◆ Task to complete: Exactly the lines from the one containing "If needed, we" through the final line of the data below, with pictures omitted, make up the answer.

(Materials provided)

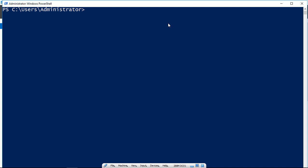So if we type in get-executionpolicy, it'll tell us if we can run scripts or not. And we can see we can only run remote signed scripts. So what does that mean?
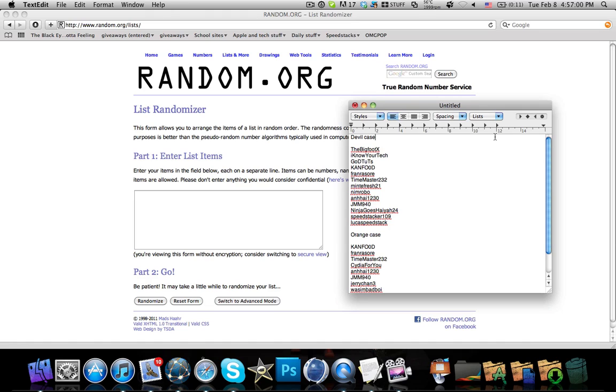How's everyone doing? It's J Tech Talker and in this video I will be announcing the winners of my giveaway. I will be using random.org to choose the winner and I will choose it for the devil case first. So I have listed all the YouTube users who commented in my video.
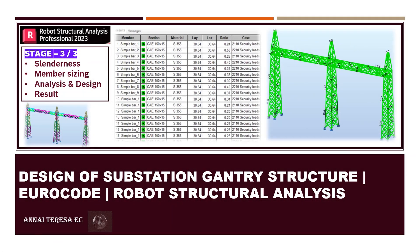Welcome to our YouTube channel. In this video we are going to do design of a substation gantry structure in Eurocode with Robot Structural Analysis. This is Stage 3, the final stage. In this we are going to see slenderness calculations and a slenderness check, and member sizing of various member groups such as main leg, cross bracing, horizontal bracing, and girder leg.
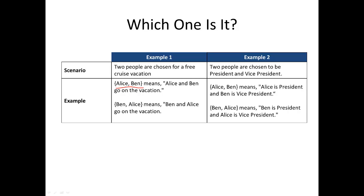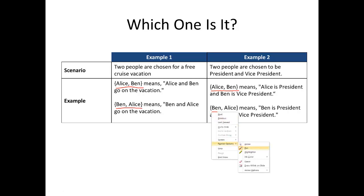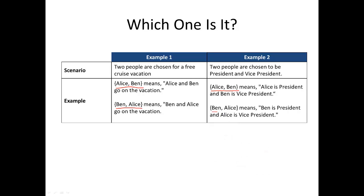And if we reverse their order — Ben comma Alice — that means Ben and Alice go on the vacation. Now, go over and look at example two and let's see what happens when we do the same thing. In this case, Alice comma Ben means Alice is president and Ben is vice president. Where if we flip them, Ben comma Alice means Ben is president and Alice is vice president.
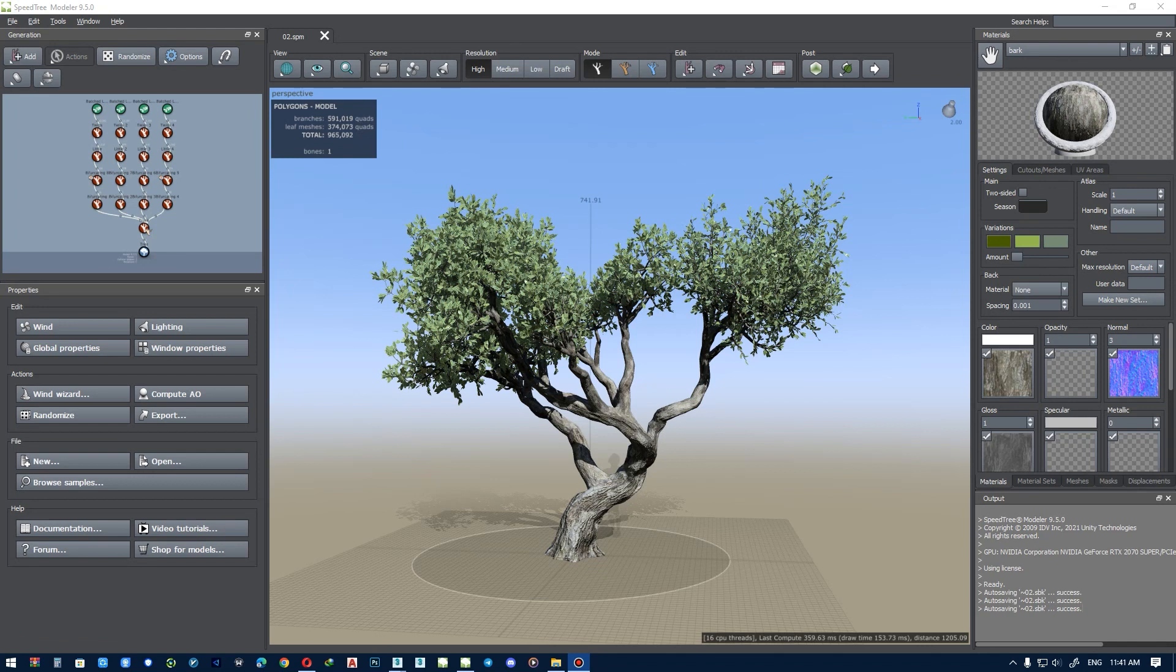Welcome to the third part of the tutorial on how to make a tree with the hand-drawn technique. This tree was supposed to have only two parts, and then I decided to bring this tree to the rendering stage so that you can export from SpeedTree and do a rendering from this tree in 3DS Max.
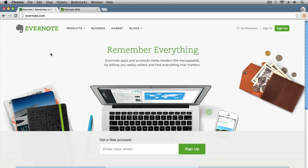Hello everyone, this is Anson from AnsonAlex.com and in this video I'm going to be providing an introduction to Evernote, a note-taking app and program that has been around for a few years. I haven't really gotten into it until the last month or so, but now I'm hooked. It's a great utility, available as a cloud-based version, which is what I'll be presenting today in this tutorial.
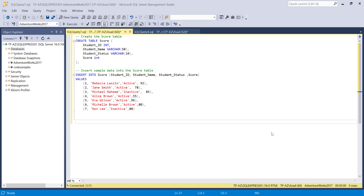Hey guys, in this tutorial I'm going to show you how to use a CASE statement in SQL. I'm going to go over the two types of CASE statements, which are the simple CASE statement and the searched CASE statement. I'm also going to go over the nested CASE statement.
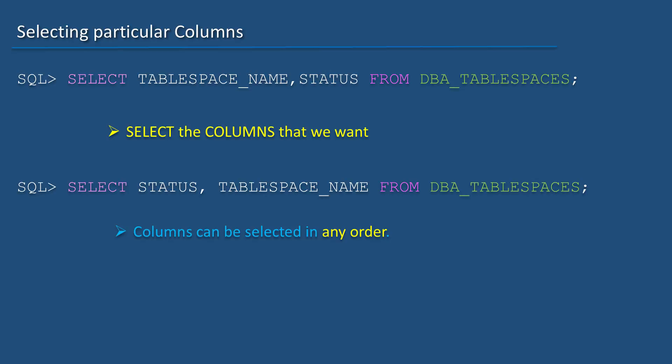If needed, we can select the columns that we want. We don't always need to select all the columns from a table.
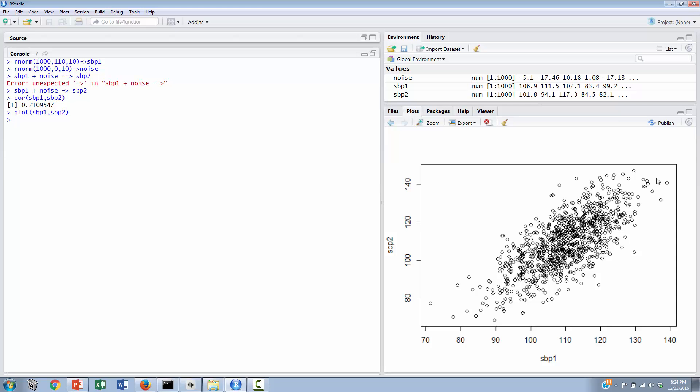So in this video we randomly generated 1,000 scores that corresponded to blood pressure, we added some variability to those scores to model what we might see at time 2 on the same kind of measure, blood pressure, and then we found the correlation, which was about 0.71 on a scale that ranges between negative 1 and positive 1, with 0 meaning no correlation, and we've created a scatter plot of all of our data. Thanks for watching.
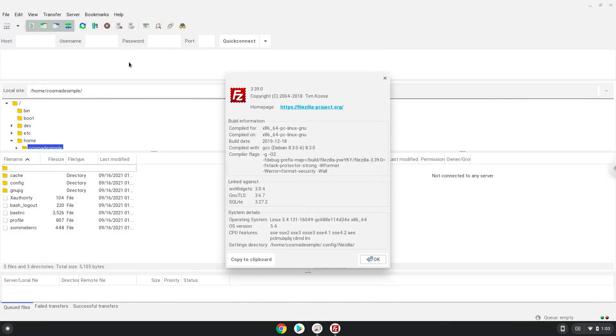FileZilla can only manage and access files which are in your Linux files and Linux file system. Enjoy FileZilla.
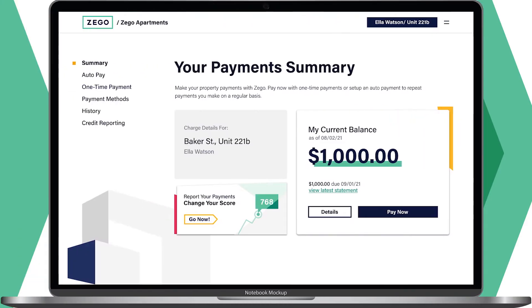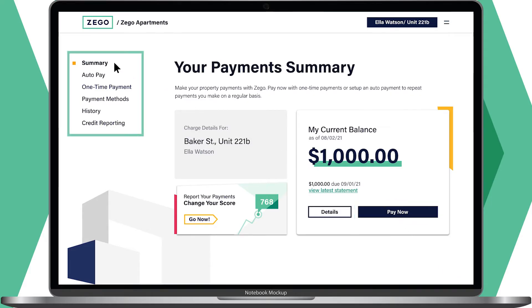Welcome to your Zego dashboard. The summary page is where you can find resident information and quickly make a payment. The navigation menu on the left lets you easily access Zego's multiple payment features.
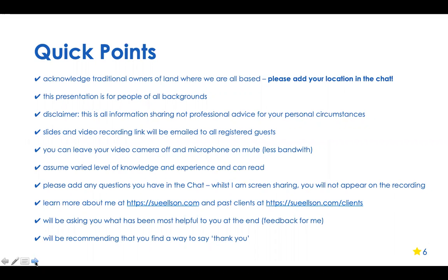I'd like to acknowledge the traditional owners of the lands on which we meet, the Indigenous people of whichever nation you're on, and pay my respects to elders past, present and emerging. This presentation is for any level of writing or anybody who's interested. The slides and video recording link will be emailed to everyone who registered.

(End Materials provided)

◆ Output of the exercise:
If needed, we can select the columns that we want. We don't always need to select all the columns from a table.
So in this video we randomly generated 1,000 scores that corresponded to blood pressure, we added some variability to those scores to model what we might see at time 2 on the same kind of measure, blood pressure, and then we found the correlation, which was about 0.71 on a scale that ranges between negative 1 and positive 1, with 0 meaning no correlation, and we've created a scatter plot of all of our data. Thanks for watching.
FileZilla can only manage and access files which are in your Linux files and Linux file system. Enjoy FileZilla.
Welcome to your Zego dashboard. The summary page is where you can find resident information and quickly make a payment. The navigation menu on the left lets you easily access Zego's multiple payment features.
I'd like to acknowledge the traditional owners of the lands on which we meet, the Indigenous people of whichever nation you're on, and pay my respects to elders past, present and emerging. This presentation is for any level of writing or anybody who's interested. The slides and video recording link will be emailed to everyone who registered.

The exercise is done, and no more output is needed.